Certain options contracts tend to be restricted at least in part because of the requirements for options contracts obtained as a means of employment compensation. For example, during the “dot-com boom” when start-up initial public offerings (IPO's) were widespread, options contracts were often used as a primary source of compensation. Such compensatory options contracts were given to employees by his or her employing company. The options contracts gave the employee the right to purchase up to a specific number of the employing companies stock at a certain price or strike price. Companies using options as a compensation device were able to decrease cash out-flow while increasing an employee's desire to see the company succeed. If the company succeeded, the compensatory options contracts would increase in value and the employee would incur relative profits when he or she exercised the option contracts.
However, the exercising of compensatory options contracts usually included limitations not found in basic options contracts. These limitations were included in order to meet specific goals of the employing company. Such goals included stock price stabilization and capital preservation. One common limitation was a time limitation that prohibited employees from exercising an options contract until a certain amount of time had passed. On the other hand, advantages over basic options contracts were present in compensatory options contracts. One common example was the elimination of an expiration date or the increase in time that the compensatory option contract could be exercised.
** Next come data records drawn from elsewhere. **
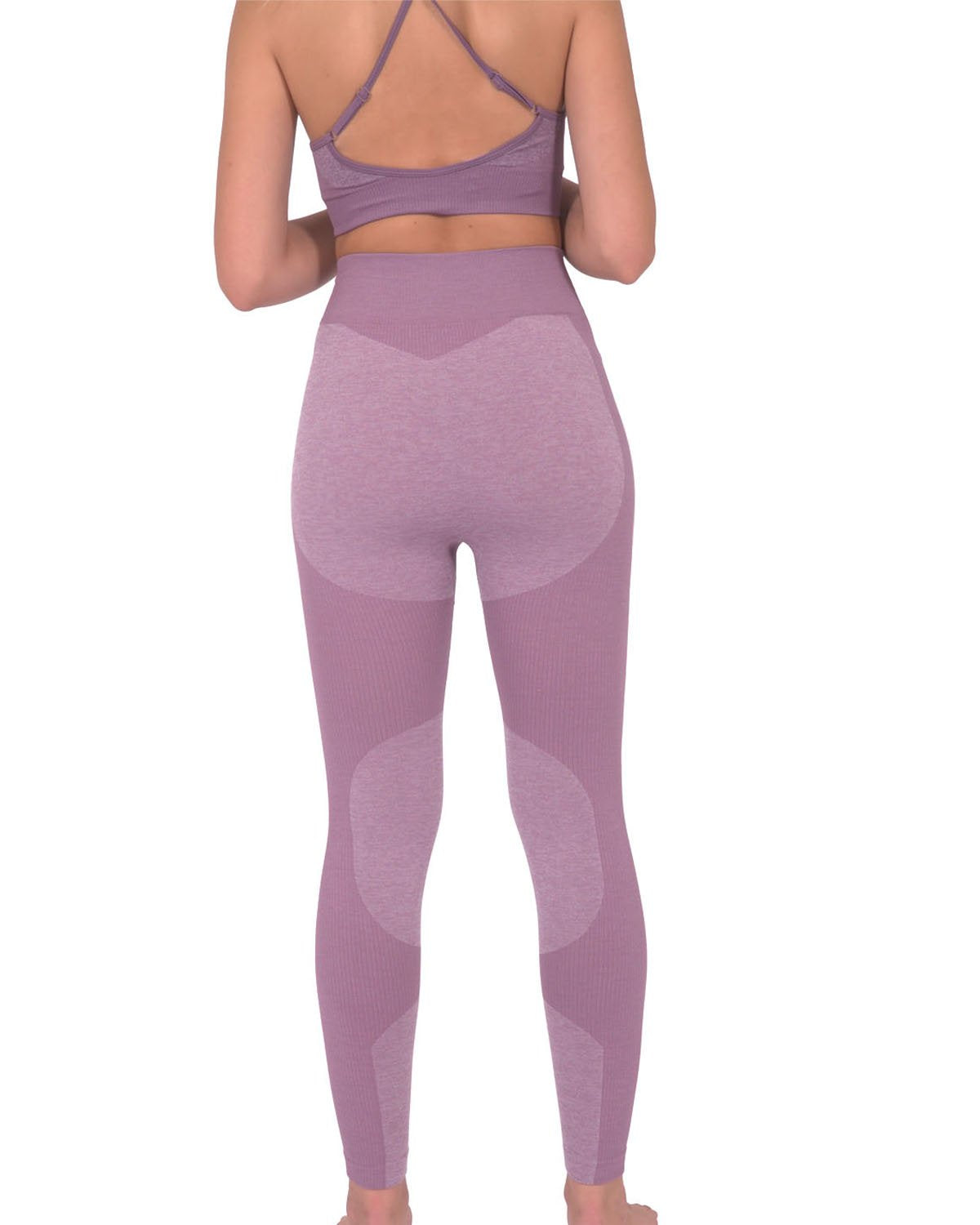 Savoy - Megara Seamless Legging With Striped Panels - Purple - 1 COLOR -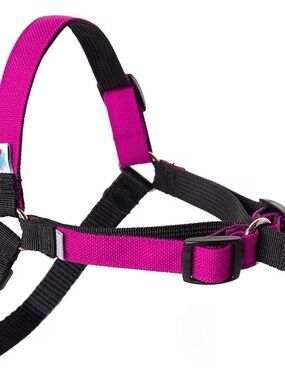 Wildebeest No Pull Dog Harness | Comfortable Training Harnesses Large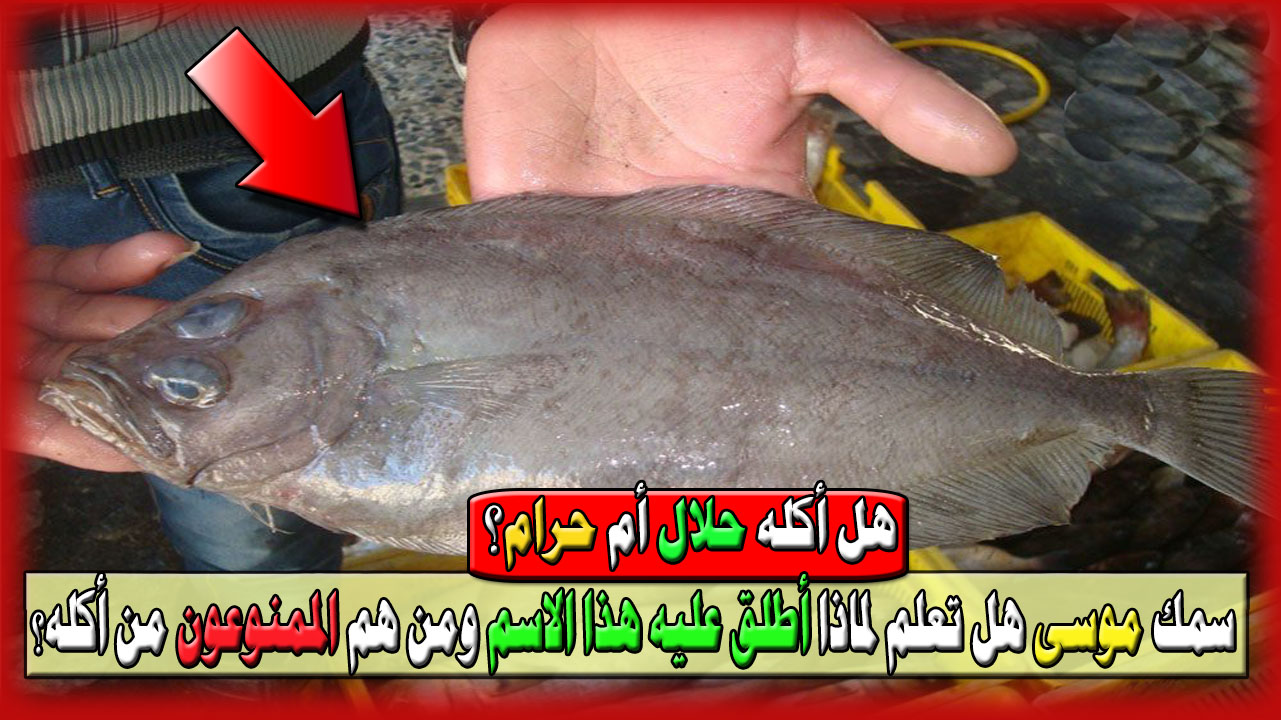 سمك موسى هل تعلم لماذا أطلق عليه هذا الاسم ومن هم الممنوعون من أكله؟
Future contracts are well known in the art and are recognized as the duty for one party to purchase or sell an underlying commodity to another party at a specific date or delivery date. Options contracts are also well known in the art and are recognized as the right of a party to purchase or sell an underlying security at a specific date for a specific price.
It would be desirable to improve market liquidity and introduce a novel securities exchange mechanism that would allow for alternative investment hedging techniques and speculation by providing systems and methods for providing futures contracts on options contracts.